While the move can help de-congest jails, it may turn out to be a push for the revival of the old liberal judicial approach where the accused, in keeping with the doctrine of the presumption of innocence, were released on bail.
The practice was abandoned, with lower courts often appearing to submit to the popular clamour for a tough hand against crimes. The departure not just meant overcrowding in already congested jails, but also resulted in accused, especially the poor, remaining interned in prisons for periods far longer than they would have spent behind bars upon conviction.
"For minor offences, you cannot put the accused in jail for long and make them languish till the date of conviction," said the CJI, accepting the arguments of senior advocate Nidesh Gupta who appeared for the accused.
The SC’s reluctance to keep more and more undertrials in jails represents a ray of hope for nearly two lakh prison inmates awaiting trial in various cases. According to National Crime Records Bureau figures for the year 2006, nearly 54,000 undertrial prisoners were charged with murder.
"Theft and attempt to murder were two IPC crimes under which there were a large number of undertrial prisoners — 23,434 for theft and 22,526 for attempt to murder," said NCRB statistics.
Tihar Jail in Delhi, one of the largest prisons in the world, fares no better compared to other jails in the country as far as the problem of overcrowding goes. With a capacity of 5,200 prisoners, it has nearly 9,500 inmates while around 50,000 undertrial prisoners go in and out of the prison throughout the year. It was this problem that had forced the Delhi high court to order holding of courts within the prison complex and grant bail to undertrials languishing there despite being charged for petty offences.

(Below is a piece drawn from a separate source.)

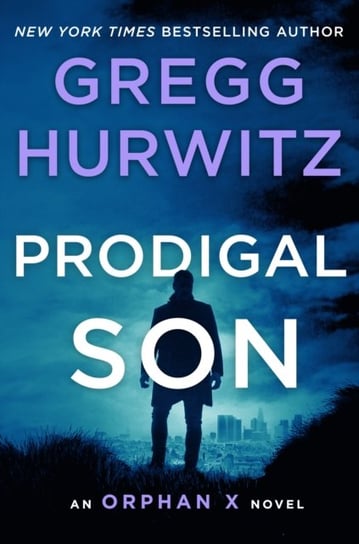 Prodigal Son: An Orphan X Novel Hurwitz Gregg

Making bail the rule and jail the exception is indeed the way to go. In fact, this principle follows logically from the fundamental premise of our legal system that a person is innocent until he or she is proven guilty. Making the refusal of bail rarer, however, must not be based on any attempt to reduce crowding of jails. In cases where the offence is really serious and letting the accused roam free may be harmful to society, it clearly makes sense to deny bail. Similarly, where the chances of evidence being tampered with or the accused fleeing are judged to be high, it would be justified to refuse bail. But, whether bail is granted or denied cannot be a matter of whim. Where bail is denied, there must be substantial grounds for doing so.